[S. 419]-[421]. Das Gespräch der zwei Männer, ob man eine nackte Frau betrachten dürfe oder nicht, ist rein theoretisch, von jeder Roheit oder Niedrigkeit frei, die folgende Szene aber, wie beide die badenden Mädchen beobachten, ist so einfach, fast naiv, jedenfalls dichterisch so hübsch, daß sie einen gebildeten, rein empfindenden Leser ebenso wenig verletzen kann, wie etwa ein schönes Gemälde, das eine nackte Frau zeigt. Jede unsittliche Wirkung ist hier ausgeschlossen, wenn die Phantasie des Lesers nicht an sich schon verdorben ist.
[S. 430] u. [435]. Rein sachlich, ohne Lüsternheit von seiten des Schriftstellers, wird hier ausgesprochen, daß sich in die Liebesgedanken Juriis auch sinnlich begehrliche Vorstellungen einmischen. Solange nicht bewiesen wird, daß so etwas bei einem jungen Mann, der von wirklicher Liebe erfüllt ist, niemals vorkommt, kann ich das Anstößige oder Verwerfliche dieser Darstellung nicht verstehen.
[S. 439]-[443] und [470]-[473]. Sinnlich geschlechtliche Vorgänge werden hier allerdings dargestellt, aber in sachlicher, nüchtern objektiver Weise ohne lüsterne Zutat. Die Vorgänge selbst sind im Gefüge des Romans unentbehrlich; die Form der Darstellung aber kann nicht unzüchtig wirken, weil sie einen rein geschichtlichen Charakter trägt. Wollte man um dieser Szenen willen das Buch verurteilen, so müßte man vorher zahllose Werke alter und neuer Literatur verbieten, so z. B. allerlei griechische, lateinische, italienische, französische, englische, ältere wie moderne deutsche Dichtungen berühmter Autoren, besonders auch mehrere Erzählungen Wielands und Heinses, die viel reicher an ähnlichen, nur zwanzigmal sinnlicheren Stellen sind als der Roman „Ssanin“.

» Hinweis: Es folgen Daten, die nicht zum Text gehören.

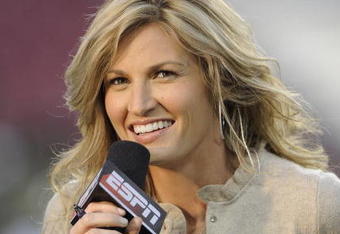 TAMPA, FL - OCTOBER 2: ESPN commentator Erin Andrews reports as the Pittsburgh Panthers upset the University of South Florida Bulls at Raymond James Stadium on October 2, 2008 in Tampa, Florida.  (Photo by Al Messerschmidt/Getty Images)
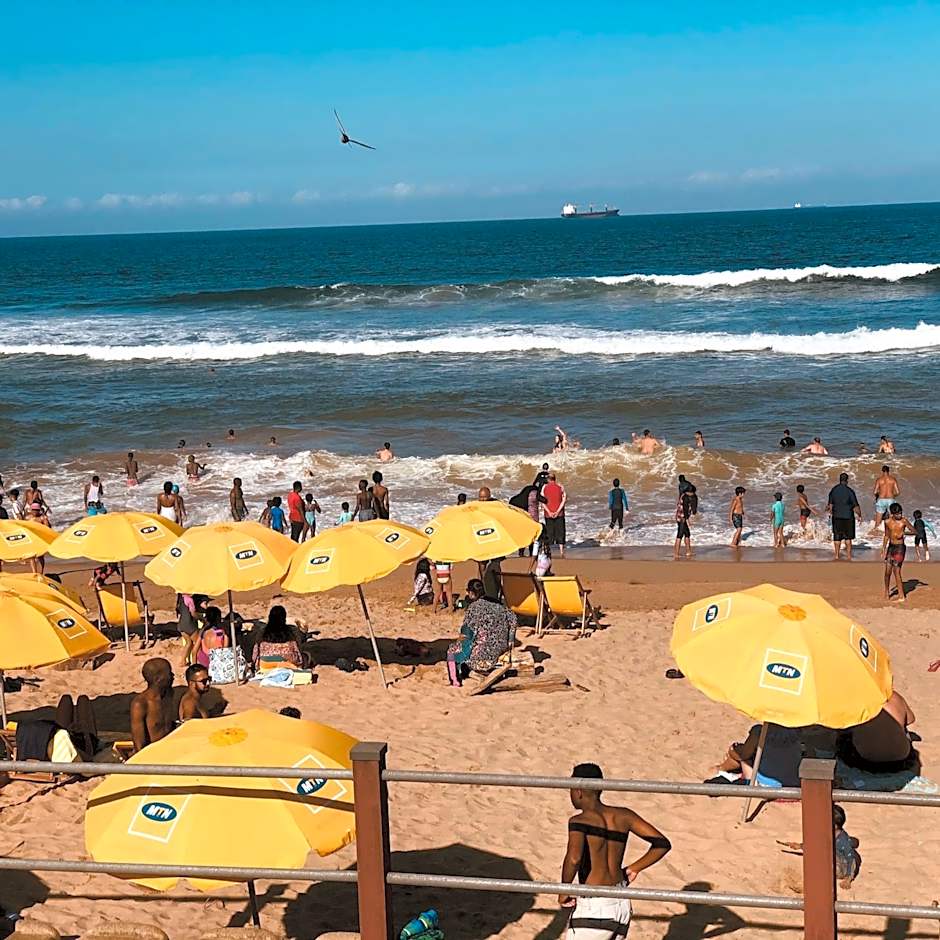 Umhlanga Lagoon Drive Top Sea Facing Unit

[S. 494]. Auch hier fehlt jede Lüsternheit in dem geschichtlich nüchternen Bericht, von Unsittlichkeit kann keine Rede sein.

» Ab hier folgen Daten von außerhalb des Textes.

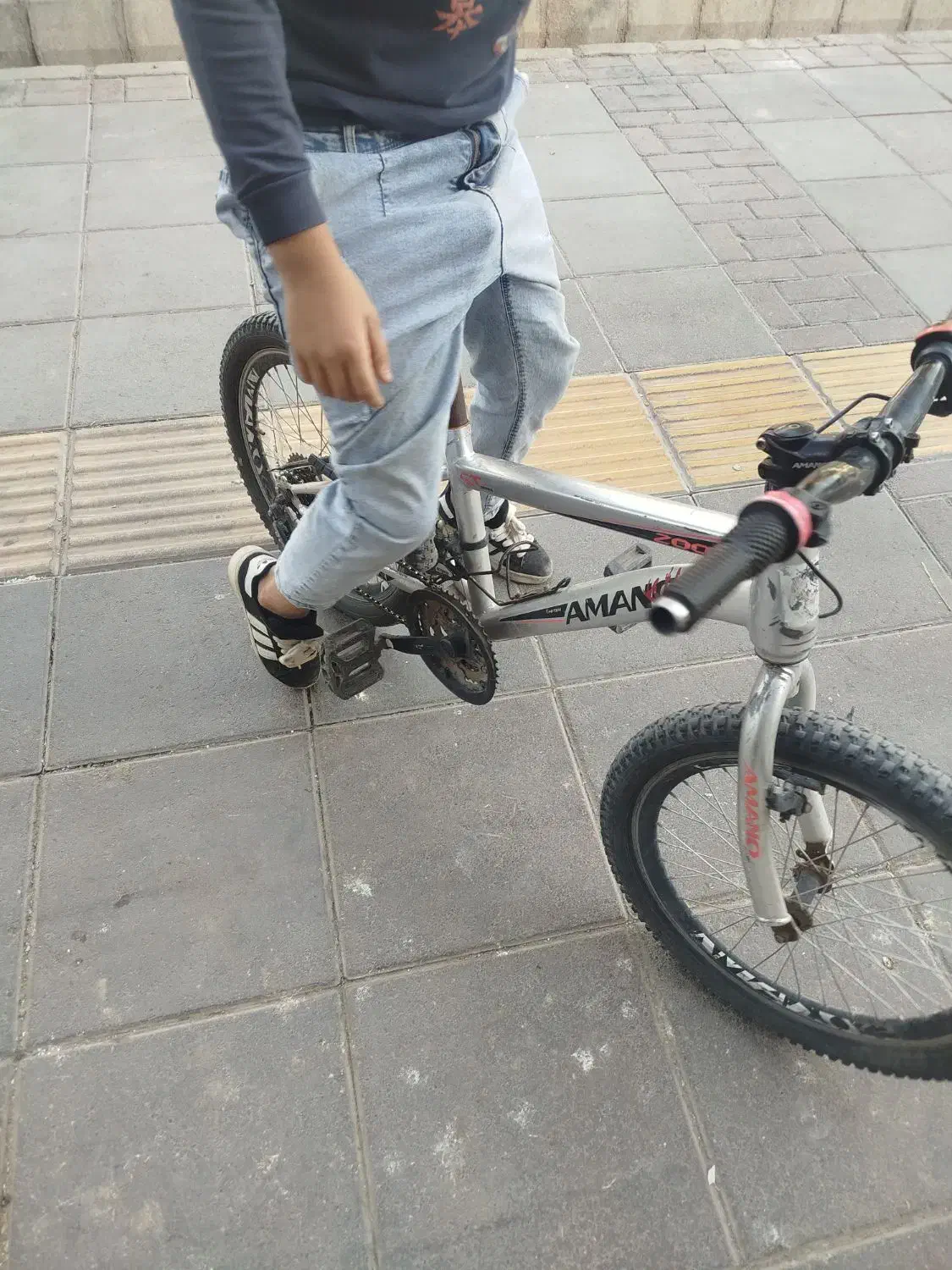 دوچرخه|دوچرخه، اسکیت، اسکوتر|تربت جام, والفجر|دیوار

Ueberblicke ich alle diese Stellen auf einmal und fasse zugleich den Sinn und Inhalt des ganzen Romans zusammen, so kann ich nirgends etwas wahrnehmen, was als unzüchtig gelten könnte. Regungen einer starken Sinnlichkeit werden in den Personen des Romans geschildert, entsprechend den kulturgeschichtlichen und sozialen Absichten, die der Verfasser als künstlerischer Darsteller der modernen russischen Jugend verfolgt. Das Buch ist somit keine Lektüre für unreife Leser, für Kinder oder für Ungebildete. Solche könnten sich allerdings an einzelne unverstandene Szenen halten und dann allerlei Anstoß daran nehmen; die Schuld daran trüge aber nur ihr eigener literarisch und moralisch nicht genügend ausgebildeter Geist. Normal empfindende Leser, die auch die nötige künstlerische Bildung besitzen, können meines Erachtens unmöglich in ihrem Scham- und Sittlichkeitsgefühl durch diesen Roman verletzt werden; solche Leser werden vielmehr die Anklage und eine etwaige Verurteilung des Romans, wenn diese aus mir unbekannten juristischen Gründen möglich sein sollte, nicht verstehen können.
gez. Dr. Franz Muncker.
8. Gutachten
des kgl. Oberstudienrats J. Nicklas in München.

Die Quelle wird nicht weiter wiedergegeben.